### EXERCISE OBJECTIVE
Take the entries below and write them out exactly, with each picture removed.

[DATA RECORDS]

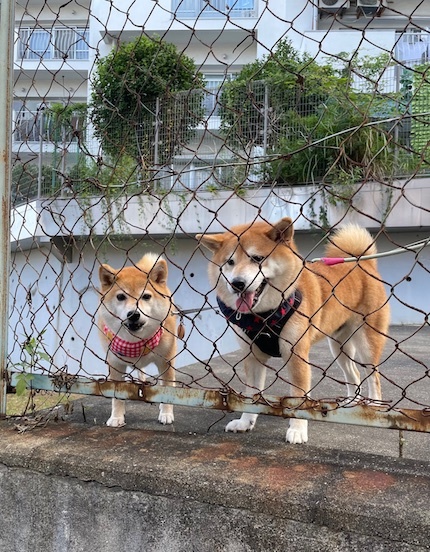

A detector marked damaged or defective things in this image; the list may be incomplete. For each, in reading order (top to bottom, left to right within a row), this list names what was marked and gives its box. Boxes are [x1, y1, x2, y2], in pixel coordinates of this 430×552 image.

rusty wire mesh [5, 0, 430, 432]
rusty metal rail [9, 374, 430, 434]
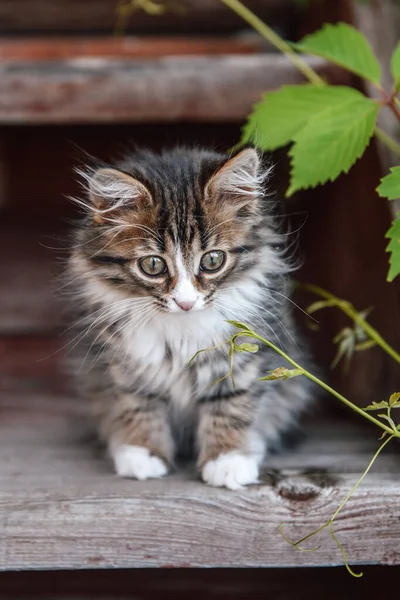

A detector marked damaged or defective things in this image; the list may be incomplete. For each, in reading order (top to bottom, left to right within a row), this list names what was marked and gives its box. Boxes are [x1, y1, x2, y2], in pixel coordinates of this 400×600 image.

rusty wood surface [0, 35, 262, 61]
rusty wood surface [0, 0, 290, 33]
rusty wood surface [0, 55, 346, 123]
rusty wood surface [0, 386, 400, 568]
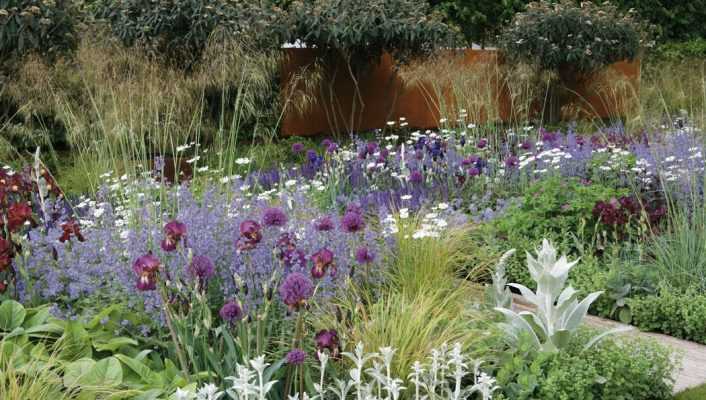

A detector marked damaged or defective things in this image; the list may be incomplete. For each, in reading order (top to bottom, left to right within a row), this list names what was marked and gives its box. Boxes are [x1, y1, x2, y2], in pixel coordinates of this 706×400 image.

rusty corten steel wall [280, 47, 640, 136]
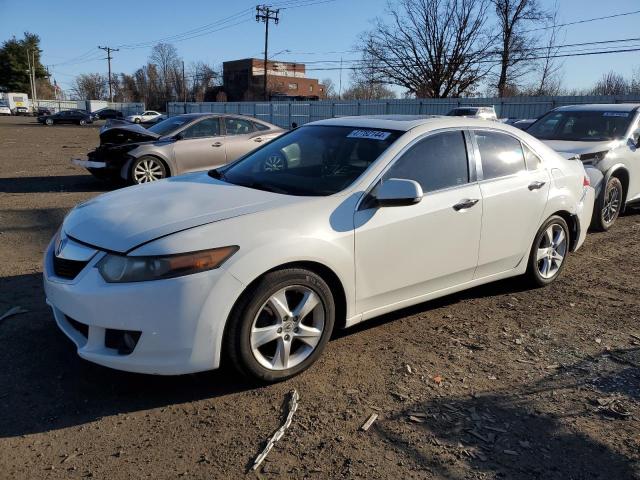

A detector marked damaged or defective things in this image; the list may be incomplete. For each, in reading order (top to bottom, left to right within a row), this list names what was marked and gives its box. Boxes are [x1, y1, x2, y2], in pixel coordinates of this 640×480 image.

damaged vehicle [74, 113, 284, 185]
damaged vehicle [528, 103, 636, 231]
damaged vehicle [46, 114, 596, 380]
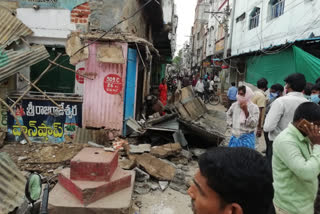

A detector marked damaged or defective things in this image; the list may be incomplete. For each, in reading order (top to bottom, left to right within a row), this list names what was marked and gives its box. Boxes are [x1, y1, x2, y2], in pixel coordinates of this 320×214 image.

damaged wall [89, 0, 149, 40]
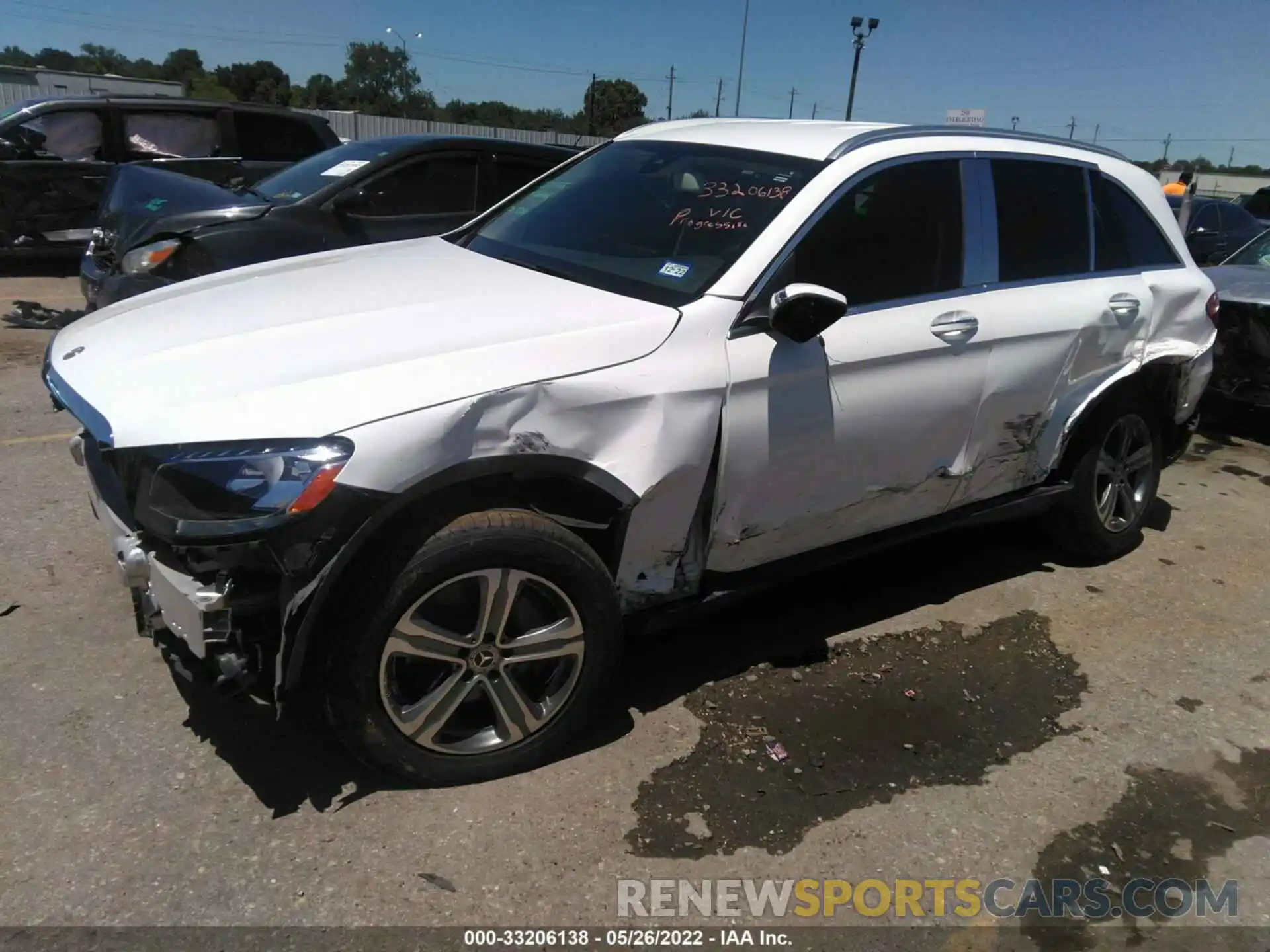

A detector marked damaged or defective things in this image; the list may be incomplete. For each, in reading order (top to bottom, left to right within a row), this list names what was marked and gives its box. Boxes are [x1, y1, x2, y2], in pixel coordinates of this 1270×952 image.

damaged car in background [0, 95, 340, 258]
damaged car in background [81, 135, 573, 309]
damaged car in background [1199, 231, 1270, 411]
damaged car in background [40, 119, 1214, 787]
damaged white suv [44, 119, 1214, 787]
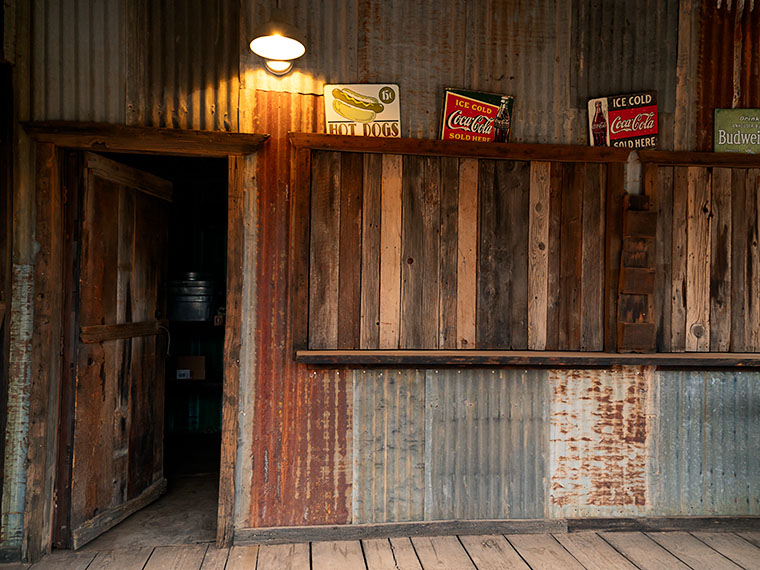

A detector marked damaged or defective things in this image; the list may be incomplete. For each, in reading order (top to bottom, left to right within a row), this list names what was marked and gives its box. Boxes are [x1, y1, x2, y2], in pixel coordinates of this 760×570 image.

[/DATA RECORDS]

### ANSWER FOR THIS EXERCISE
A detector marked damaged or defective things in this image; the list may be incomplete. For each, in reading order (top to bottom, left to right within a row), this list names what was marked and gives its box. Boxes are [x1, y1, x2, y2], in pixel coordinates of this 430×552 image.

rusty wire mesh [5, 0, 430, 432]
rusty metal rail [9, 374, 430, 434]

A detector marked damaged or defective things in this image; the list may be incomplete. For each, in reading order (top to bottom, left to right within a row), this list names what was marked and gives its box. Boxes are [x1, y1, x2, y2], in pixel coordinates of this 400×600 image.

rusty wood surface [0, 35, 262, 61]
rusty wood surface [0, 0, 290, 33]
rusty wood surface [0, 55, 346, 123]
rusty wood surface [0, 386, 400, 568]

A detector marked damaged or defective things in this image; the list may be incomplete. For each, in reading order (top to bottom, left to right within a row), this list names what was marked and gives its box. Boxes are [x1, y1, x2, y2], in pixel coordinates of this 706×400 image.

rusty corten steel wall [280, 47, 640, 136]

A detector marked damaged or defective things in this image; the list may be incomplete. For each, in reading order (top to bottom, left to right within a row), this list names what was marked and gives its box. Boxes are [x1, y1, x2, y2], in pixel coordinates of this 640×480 image.

damaged vehicle [74, 113, 284, 185]
damaged vehicle [528, 103, 636, 231]
damaged vehicle [46, 114, 596, 380]

A detector marked damaged or defective things in this image; the list may be incomplete. For each, in reading order (top to bottom, left to right within a row), this list names what was marked and gives its box. Boxes are [x1, y1, x2, y2], in pixel coordinates of this 320×214 image.

damaged wall [89, 0, 149, 40]

A detector marked damaged or defective things in this image; the list may be incomplete. For each, in reading order (top to bottom, left to right within a row), this list names what was marked and gives its box. Boxes are [x1, y1, x2, y2], in pixel coordinates of this 1270×952 image.

damaged car in background [0, 95, 340, 258]
damaged car in background [81, 135, 573, 309]
damaged car in background [1199, 231, 1270, 411]
damaged car in background [40, 119, 1214, 787]
damaged white suv [44, 119, 1214, 787]

A detector marked damaged or defective things in this image; the list may be incomplete. For each, in reading order (top to bottom, left to right within a row), this list names what was marked and gives its box. Boxes are [x1, y1, x2, y2], in pixel coordinates of this 760×570 image.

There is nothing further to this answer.